Si indirizza verso territori più aggressivi, a tratti vicini al cantato
growl. Le tastiere (il fattore determinante nello scisma della nera
fiamma) mancano totalmente di quel flavour gothic molto ammiccante per
diventare morbosamente depravate, con quel suono che pare così
rilassante in contrapposizione alla musica. E le differenze sarebbero
ancora lunghe da elencare, ma evidentemente poco o nulla interessa a chi
è solito giudicare superficialmente queste due band.
La storia dei Dimmu Borgir inizia in piena era black, mentre Darkthrone,
Mayhem, Satyricon ed Emperor vomitavano le loro pagane blasfemie la band
di Shagrath rinunciava fin dall'inizio a quel sound aggressivo e
violento, in favore di composizioni decisamente più melodiche con
larghissimo uso del pianoforte. For All Tid e Stormblast rappresentarono
la base, il punto di partenza dal quale la band iniziò il suo
controverso cammino musicale. Il suono, nonostante non si trattasse
affatto di black metal, era comunque gelido, freddo. Ma è a partire da
Enthrone Darkness Triumphant che il registro cambia: restano le melodie,
le tastiere, ma aumenta l'aggressività, si inizia ad intraprendere la
strada che li porterà a produrre un disco come Puritanical Euphoric
Misanthropia a metà strada tra black-death e thrash. L'album si apre con
gli inquietanti violini di Mourning Palace, uno dei brani più famosi
della band e che concentra un intero disco in soli cinque minuti, con la
sua dose di violenza e melodia. Gli stessi ingredienti che ritroviamo in
Spellbound, con un tappeto di tastiere che ricordano cattedrali
profanate e urla di disperazione, prima del finale molto heavy. Sì
perchè quello che forse rende particolare i Dimmu Borgir è il loro modo
di rendere estremi dei riff che in realtà sono figli di una tradizione
heavy metal, più che black; ecco quindi che anche In Death Embrace viene
costruita attorno ad un riff molto semplice, su cui si staglia un
tappeto di tastiere frenetico, che apre la strada ai momenti più
riflessivi in cui riappare anche il pianoforte.
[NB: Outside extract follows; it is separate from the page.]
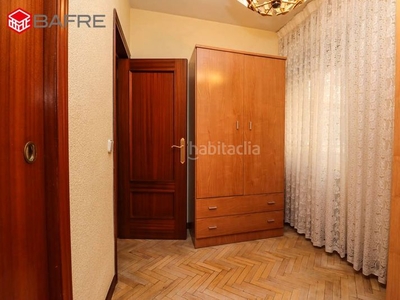 Piso con 3 habitaciones con ascensor en Portazgo Madrid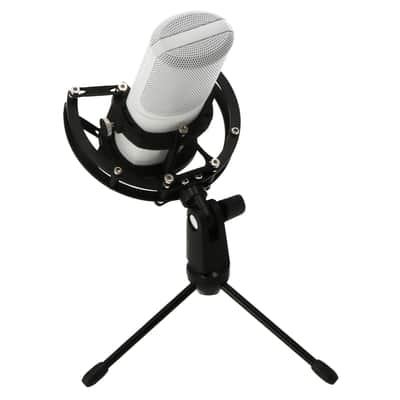 Devine M-Mic PRO USB W micro USB blanc image 3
Relinquishment of Spirit
and Flesh, assieme a Master of Disharmony, rappresentano il lato più
aggressivo della band ma se la prima pare orientarsi più verso un
thrash-death, la seconda contiene degli elementi vagamente avvicinabili
al black, come alcune parti di batteria ossessive nella loro
ripetitività e dei riff di lontana ispiriazione Emperoriana. La stessa
ripetitività che troviamo, in modo assolutamente diverso in Entrance:
qui è la tastiera a creare un'atmosfera completamente irreale, priva di
spazio e tempo, oserei dire quasi romantica, su cui troneggia il
raggelante screaming di Shagrath. Personalmente lo ritengo uno dei
picchi compositivi più alti mai raggiunti dalla band norvegese, forse il
vero manifesto della loro musica, ancor più di Mourning Palace.
Impossibile non menzionare Tormentor of Christian Souls, non tanto per
l'aspetto prettamente musicale (non aggiunge nè toglie nulla al disco)
quanto per la vergognosa censura che ha ricevuto il testo della canzone
in buona parte dei paesi in cui il disco è stato distribuito. Ed infine,
a chiudere l'album, ci pensano due brani riflessivi e ricchi
d'atmosfera: A Succubus In Rapture va scemando lentamente nella sua
iniziale carica aggressiva, mentre Raabjørn speiler draugheimens skodde
(unico pezzo in norvegese rimasto) è una versione rimodernizzata di un
brano presente nel primo demo della band. Qui lo ritroviamo meno grezzo
e molto più raffinato e se ciò gli fa sicuramente guadagnare punti in
quanto ad atmosfera creata, non si può non preferire la versione
presente su Inn I Evighetens Morke (vinile del '94) per la sua
spontaneità.
Da Enthrone Darkness Triumphant ha preso il via tutto, sembra quasi che
di Stormblast e For All Tid sia rimasto poco o nulla ed oggi i Dimmu
Borgir sono diventati una delle band più famose della Norvegia, con
riconoscimenti ed awards piovuti copiosamente. Inutile continuare a
dibattere su una loro presunta appartenenza al movimento black, quest
album è e resta comunque un piccolo gioiellino capace di suscitare
emozioni. Che poi siano diverse da quelle che può suscitare un album
black old style questo è un altro discorso.